**PROBLEM REQUIREMENTS**
In the records below, find the line holding "NV Print 108R00861"; copy it and every line after it to the end, omitting all images.

**DATA IN THIS EXERCISE**
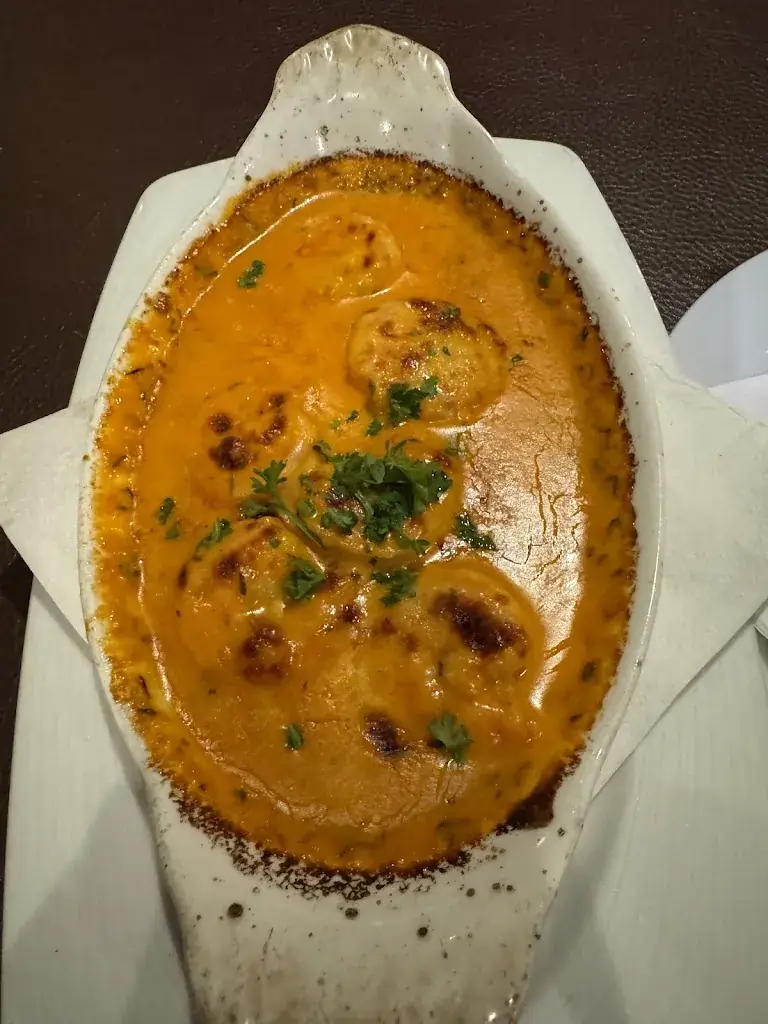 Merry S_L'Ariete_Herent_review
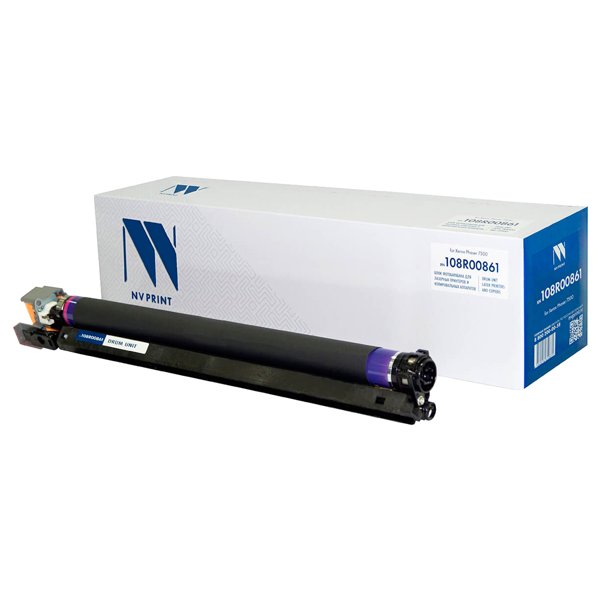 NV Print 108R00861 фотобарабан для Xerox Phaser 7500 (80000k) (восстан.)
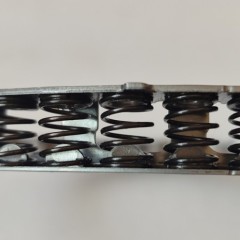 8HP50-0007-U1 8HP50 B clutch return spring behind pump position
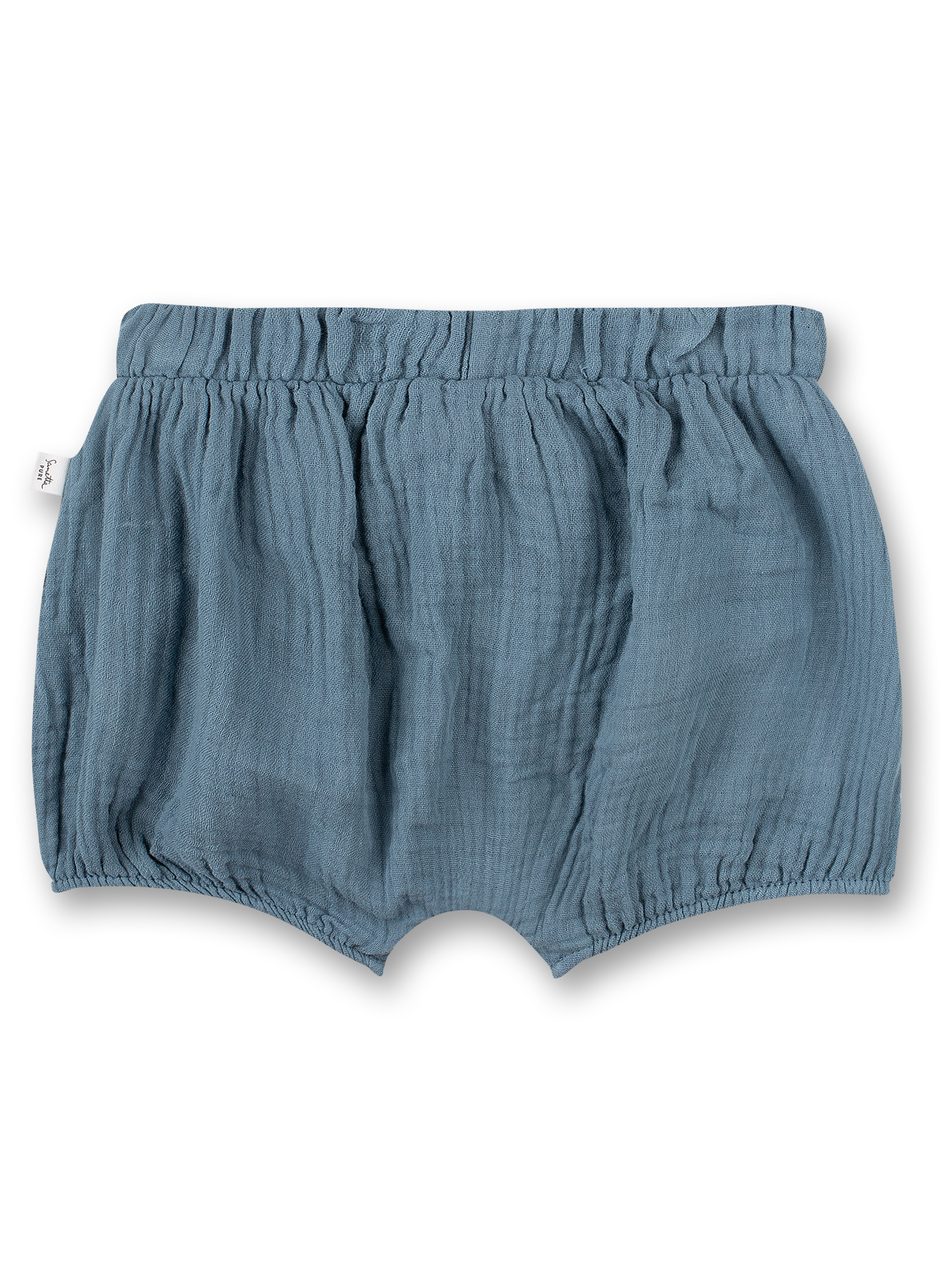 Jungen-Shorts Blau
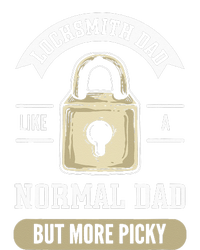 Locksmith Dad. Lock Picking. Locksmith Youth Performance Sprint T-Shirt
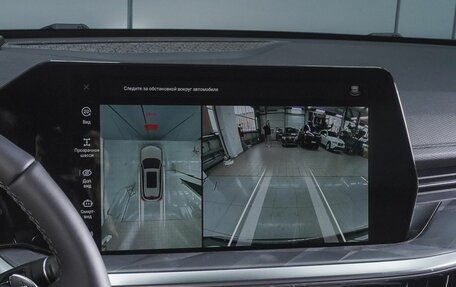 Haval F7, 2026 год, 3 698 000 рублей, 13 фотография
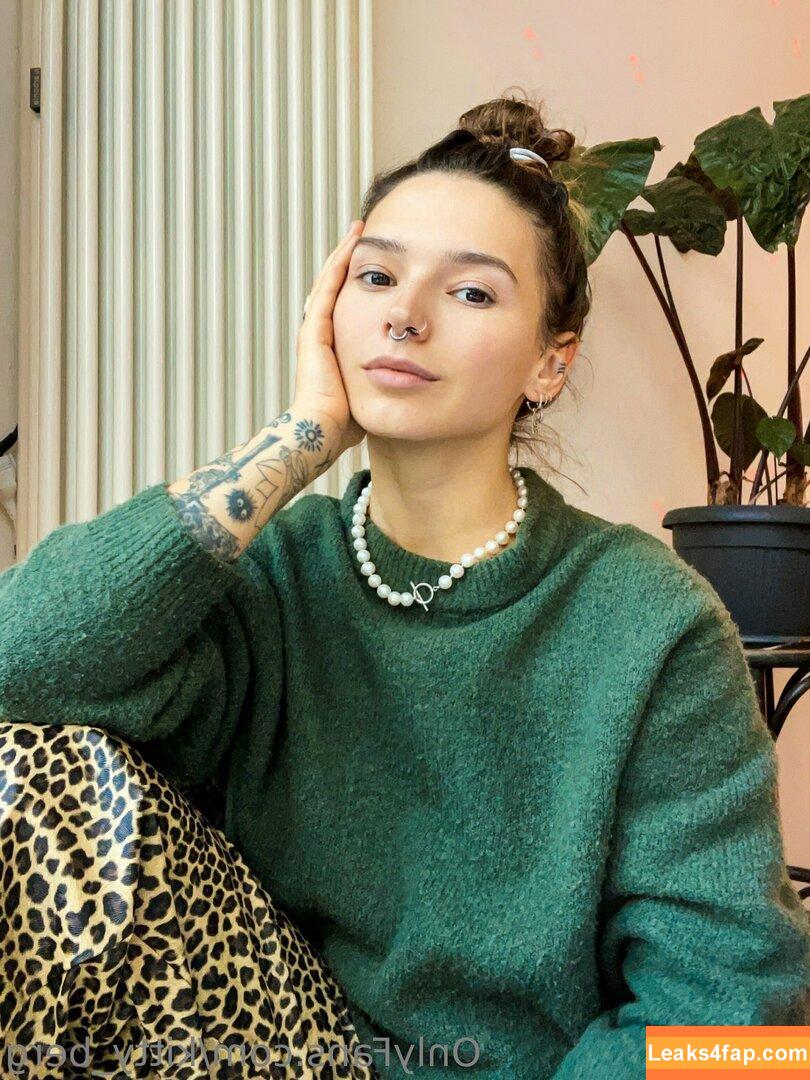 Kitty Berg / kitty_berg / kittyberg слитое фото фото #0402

**RESULT**
 NV Print 108R00861 фотобарабан для Xerox Phaser 7500 (80000k) (восстан.)
 8HP50-0007-U1 8HP50 B clutch return spring behind pump position
 Jungen-Shorts Blau
 Locksmith Dad. Lock Picking. Locksmith Youth Performance Sprint T-Shirt
 Haval F7, 2026 год, 3 698 000 рублей, 13 фотография
 Kitty Berg / kitty_berg / kittyberg слитое фото фото #0402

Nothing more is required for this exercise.